=== Begin Enclosure ===

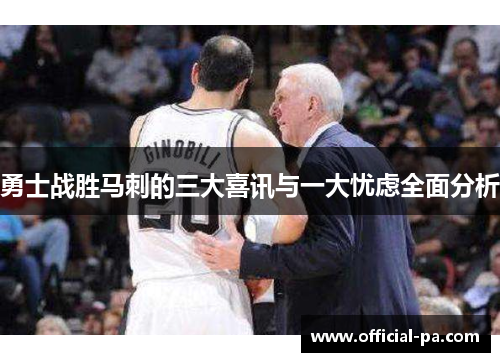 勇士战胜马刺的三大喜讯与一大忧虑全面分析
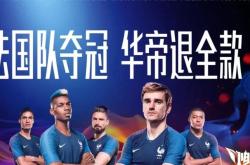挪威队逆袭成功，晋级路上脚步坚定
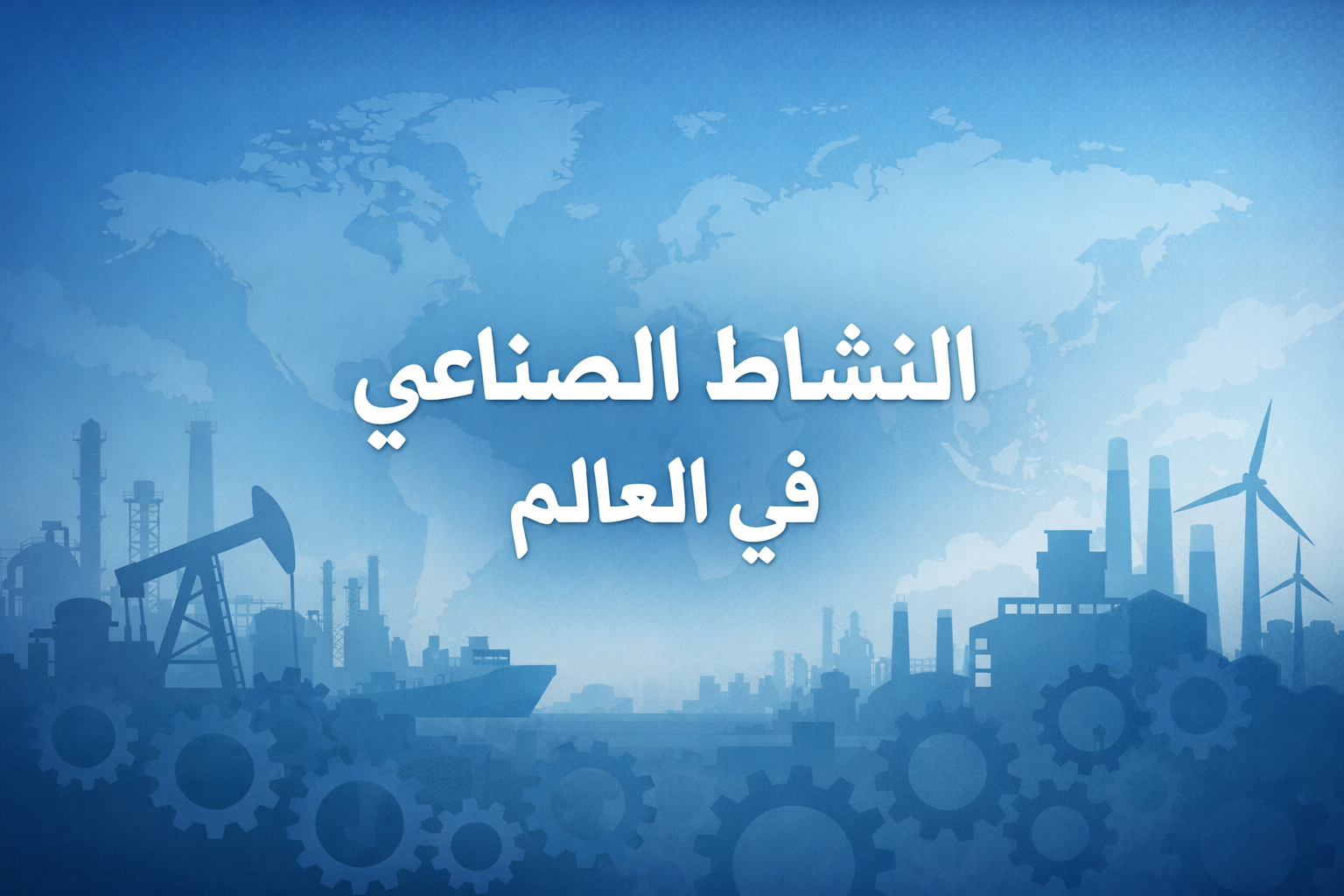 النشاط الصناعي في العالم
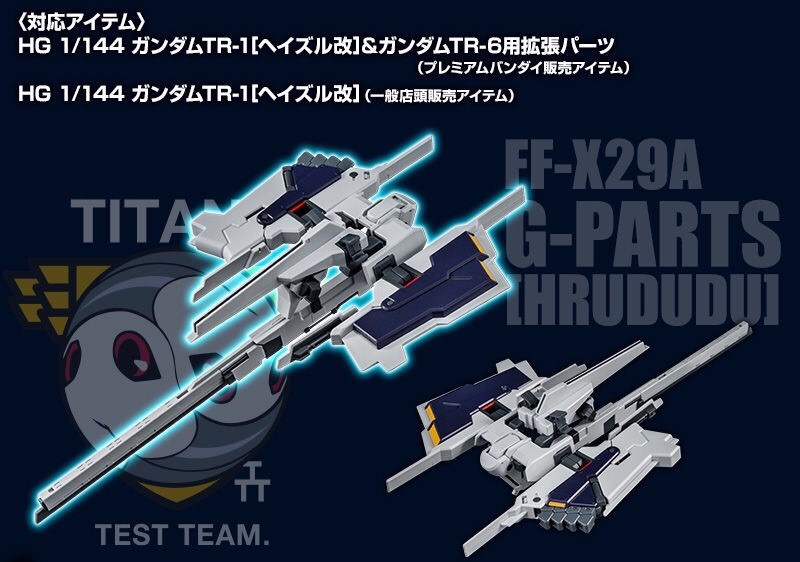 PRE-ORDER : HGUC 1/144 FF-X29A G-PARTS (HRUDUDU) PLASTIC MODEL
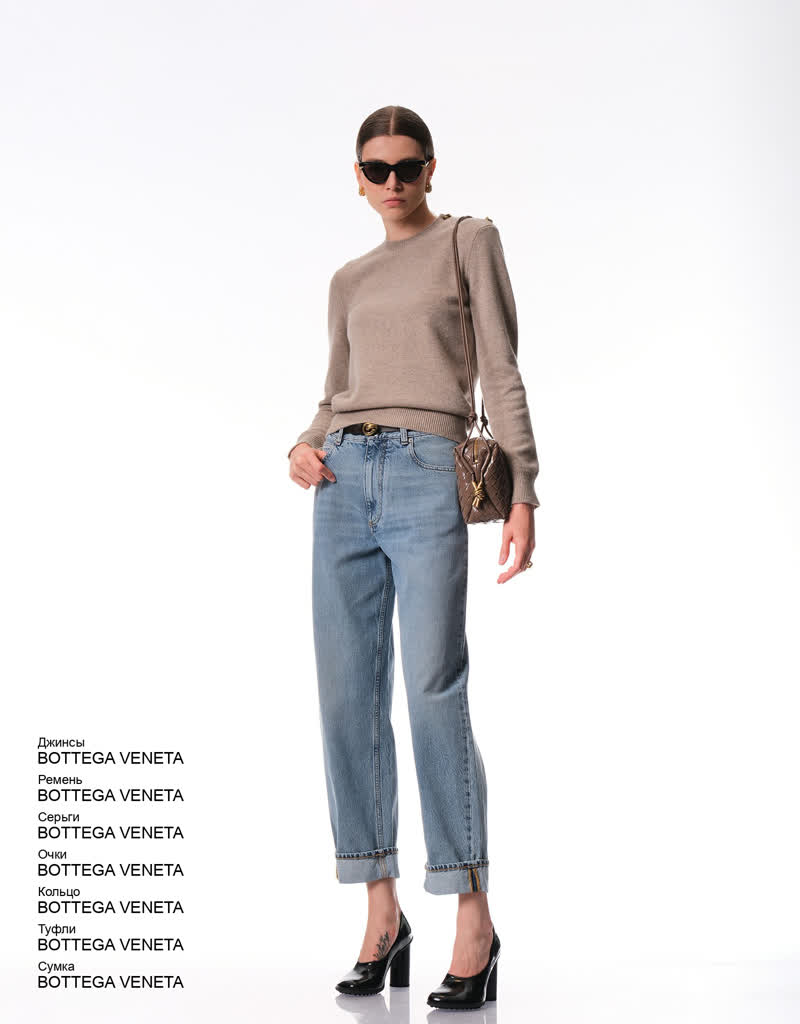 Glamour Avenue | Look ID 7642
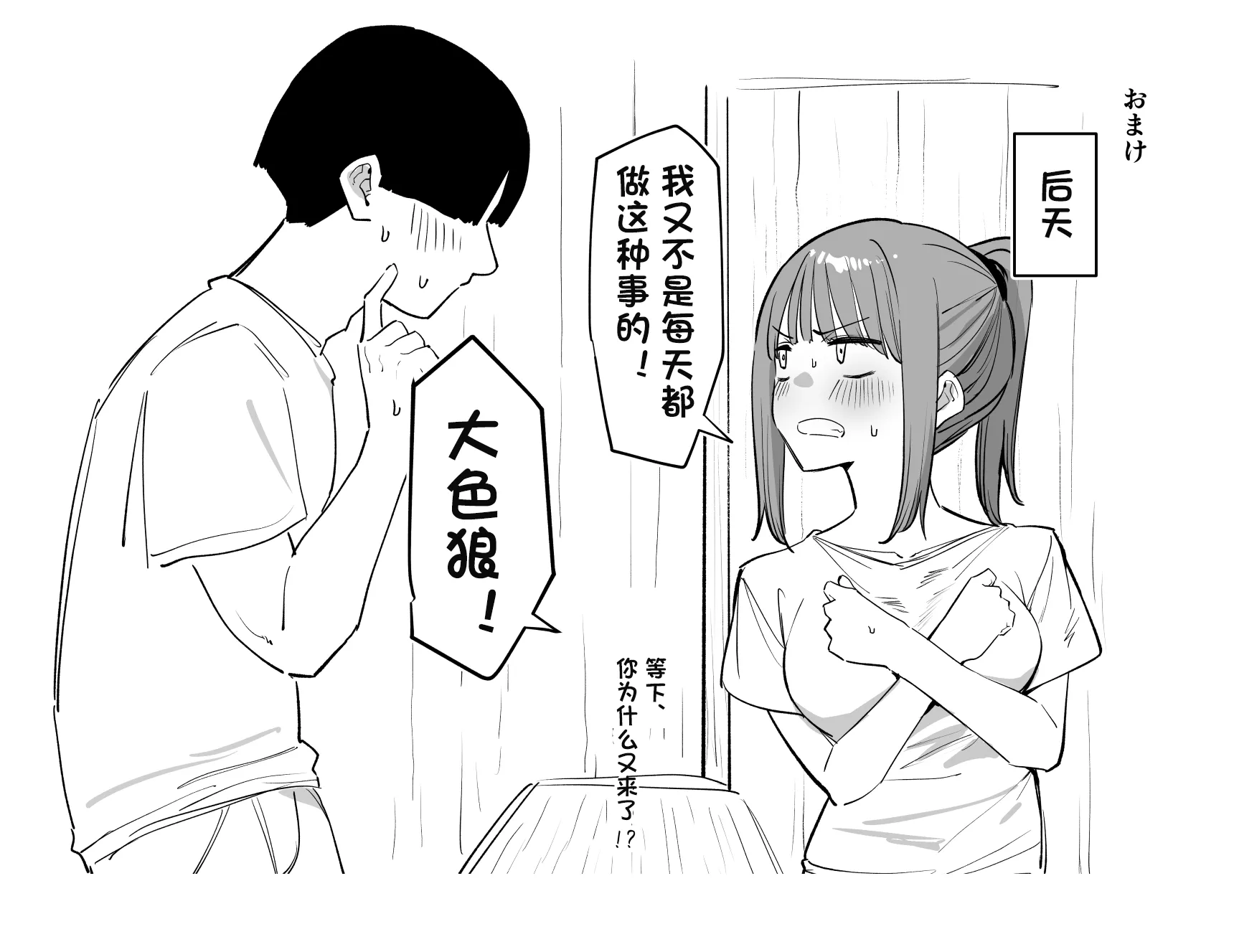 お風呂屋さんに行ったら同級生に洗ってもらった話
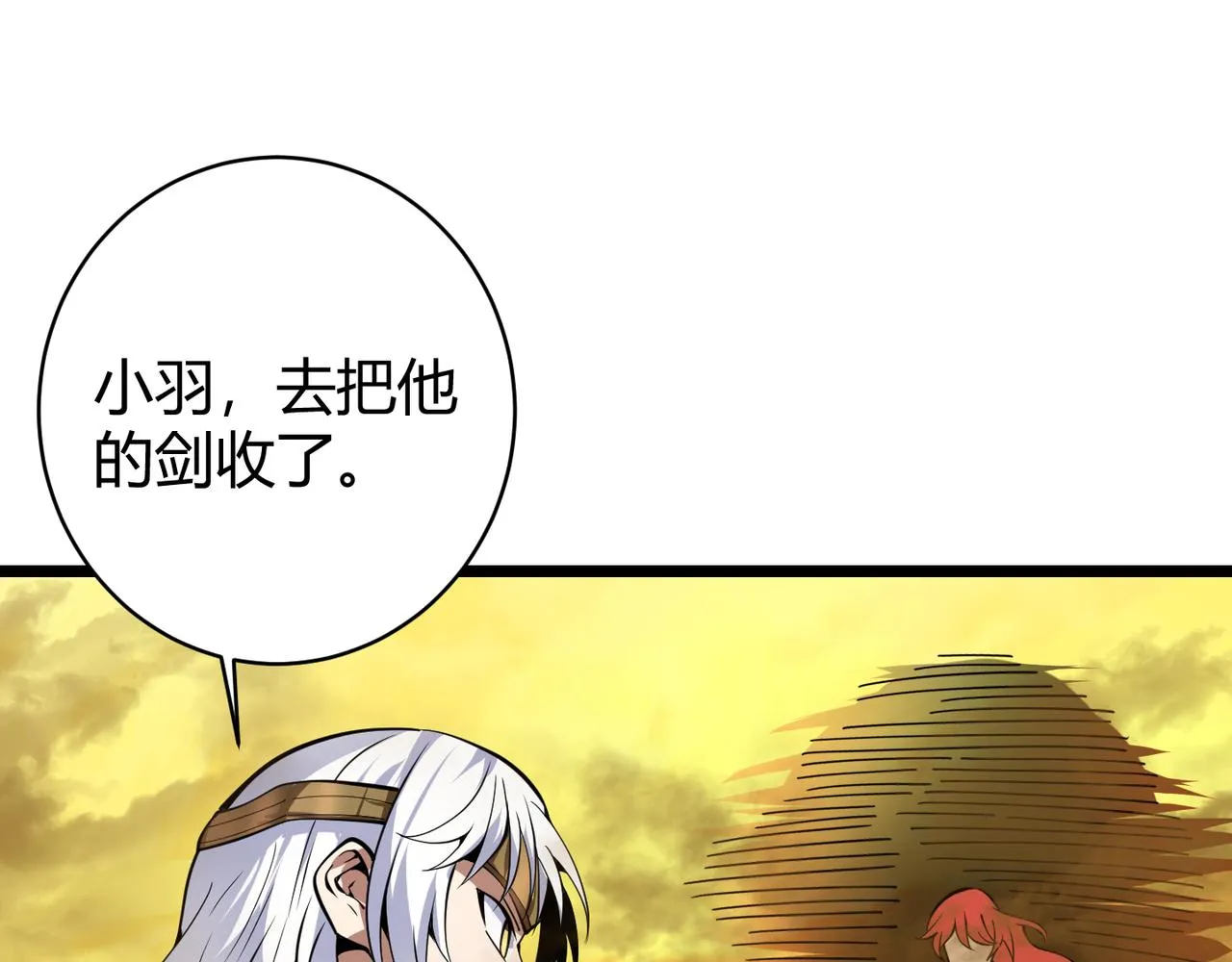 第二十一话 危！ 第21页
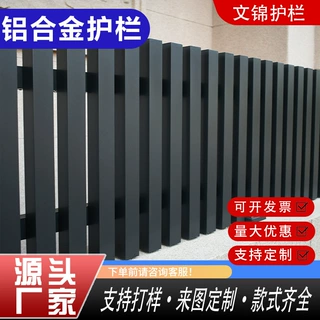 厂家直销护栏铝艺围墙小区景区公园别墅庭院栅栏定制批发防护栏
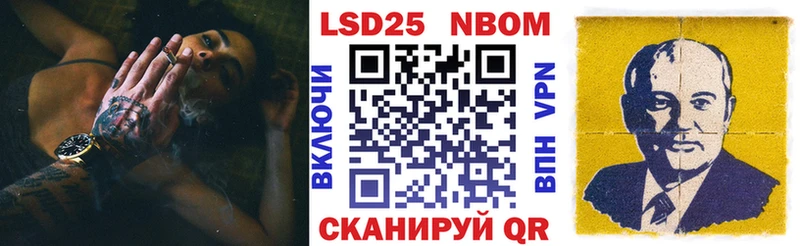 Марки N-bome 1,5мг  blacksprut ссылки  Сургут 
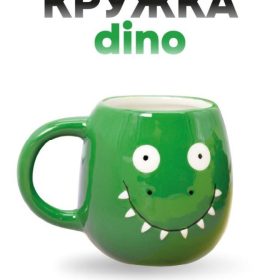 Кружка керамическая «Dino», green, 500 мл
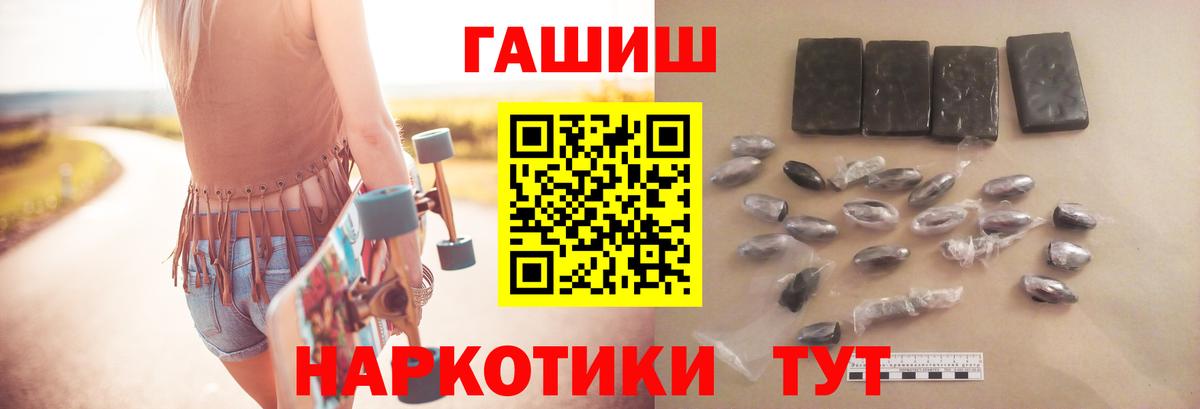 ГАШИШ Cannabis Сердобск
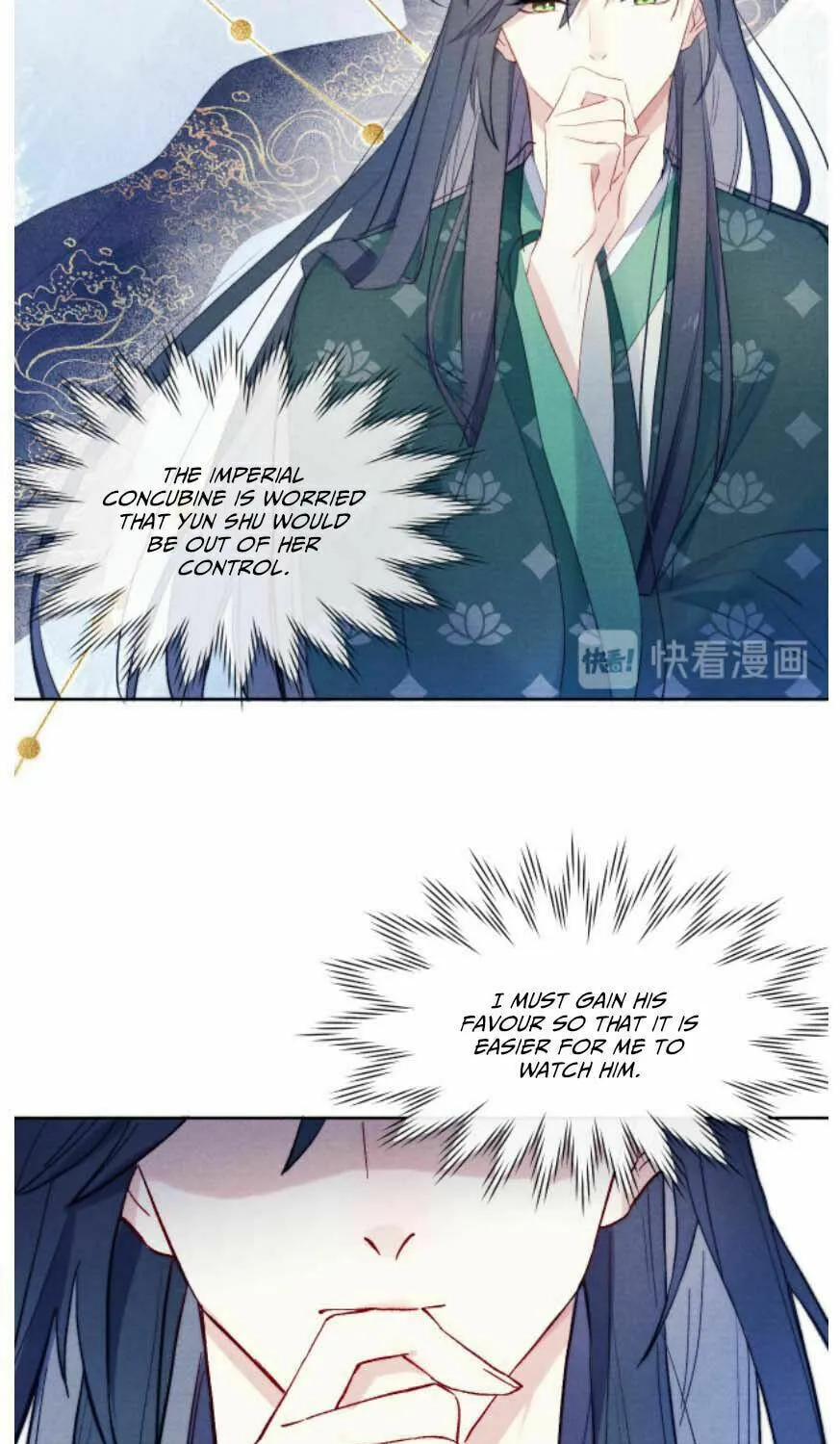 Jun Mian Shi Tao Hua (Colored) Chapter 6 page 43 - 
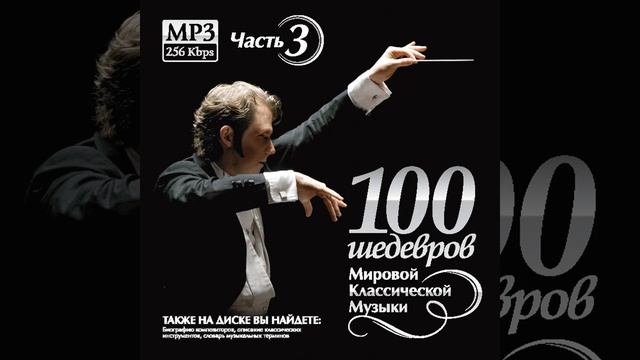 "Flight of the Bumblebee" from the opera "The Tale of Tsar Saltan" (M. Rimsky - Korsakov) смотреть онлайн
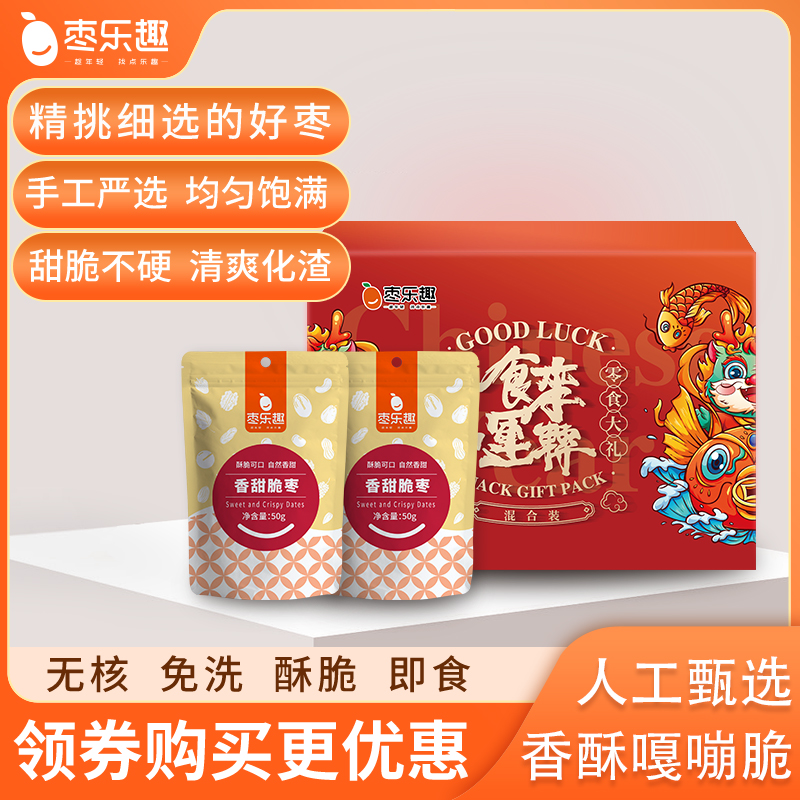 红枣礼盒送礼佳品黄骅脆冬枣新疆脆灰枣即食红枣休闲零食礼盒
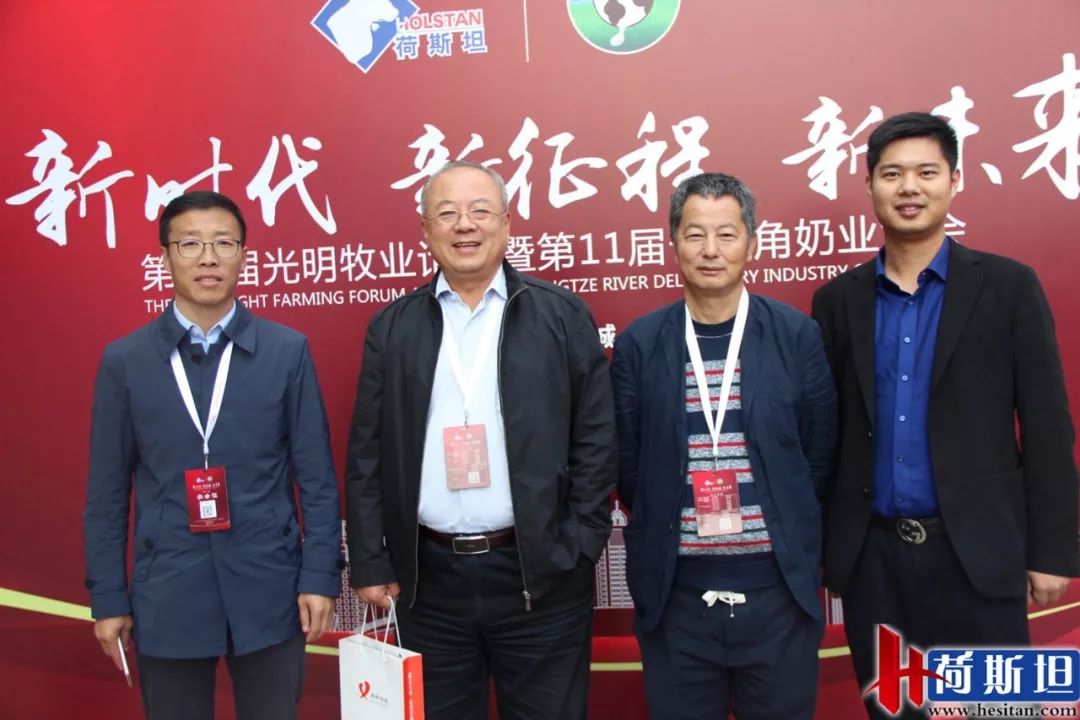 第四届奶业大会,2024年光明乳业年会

=== End Enclosure ===

Requirement:
Your output should be the lines from the one with "Korsakov) смотреть онлайн" through the end of the listing, copied exactly and with the pictures left out.

Exercise solution:
 "Flight of the Bumblebee" from the opera "The Tale of Tsar Saltan" (M. Rimsky - Korsakov) смотреть онлайн
 红枣礼盒送礼佳品黄骅脆冬枣新疆脆灰枣即食红枣休闲零食礼盒
 第四届奶业大会,2024年光明乳业年会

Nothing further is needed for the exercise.